- Born: Edith Hilda Usherwood 21 July 1898 Catford, London, England
- Died: 1988 (aged 89 or 90)
- Education: Imperial College London
- Spouse: Sir Christopher Kelk Ingold
- Children: 3
- Scientific career
- Fields: Chemistry
- Workplaces: Imperial College London
- Doctoral advisor: Martha Whiteley

= Hilda Ingold =

British chemist

Edith Hilda, Lady Ingold ( Usherwood;
21 May 1898 – 1988) was a British chemist based in Leeds and London. Her career was unfairly overshadowed by that of her husband. She failed to gain much public recognition, despite being an innovative chemist and partner to her husband in his work on organic chemistry.

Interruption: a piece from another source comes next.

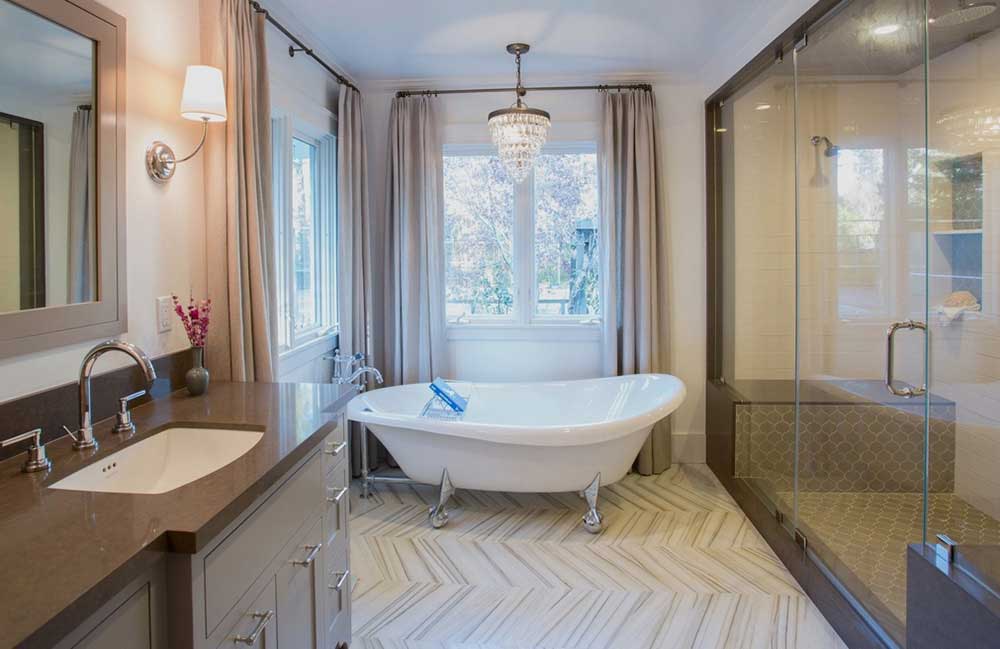bathroom with crystal chandelier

She was known as Lady Ingold following her husband's knighthood.

== Early life ==
Edith Hilda Usherwood was born into a working-class family in Catford (south-east London).

== Education ==
She attended a girls' grammar school in Lewisham, and then had two years of private education in Horsham. She then moved to the North London Collegiate School after being awarded a Clothworker's Scholarship.

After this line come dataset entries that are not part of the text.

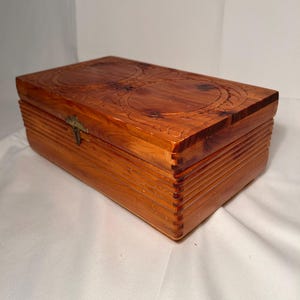 Può includere: Una scatola rettangolare in legno con una calda tonalità marrone-rossastra. Il coperchio presenta disegni circolari intagliati e la scatola ha un design a coste sui lati. Un piccolo fermaglio color ottone assicura la scatola, che sembra essere in legno di cedro.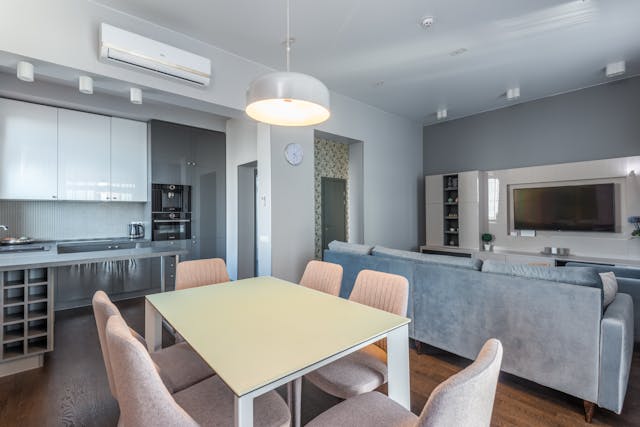 modern-open-living-space-with-dining-table-gray-sofa-tv-and-sleek-kitchen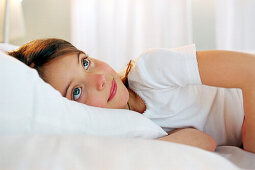 Little girl lying on bed, portrait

As an undergraduate at Royal Holloway College, Usherwood attained a BSc Hons in Chemistry (1916-1920) before completing her doctorate in 1923 at Imperial College London. As the doctoral degree was only introduced to British Universities in 1917 she was one of the earliest students to qualify. Her PhD project was on tautomers, isomers of molecules which differ only in the position of a labile hydrogen atom. Her doctoral supervisor was Martha Whiteley.

Her subsidiary subject was physics and this led to her research in physical organic chemistry and quantum mechanics. Following completion of her PhD she went on to complete a DSc.

She was president of the UCL Chemical and Physical society during the 1976-1977 academic year, one of the oldest and most prestigious societies at the university.

== Personal life ==
She married fellow Chemistry student Christopher Kelk Ingold in 1923 and went on to have three children. They had two daughters and a son, the chemist Keith Ingold.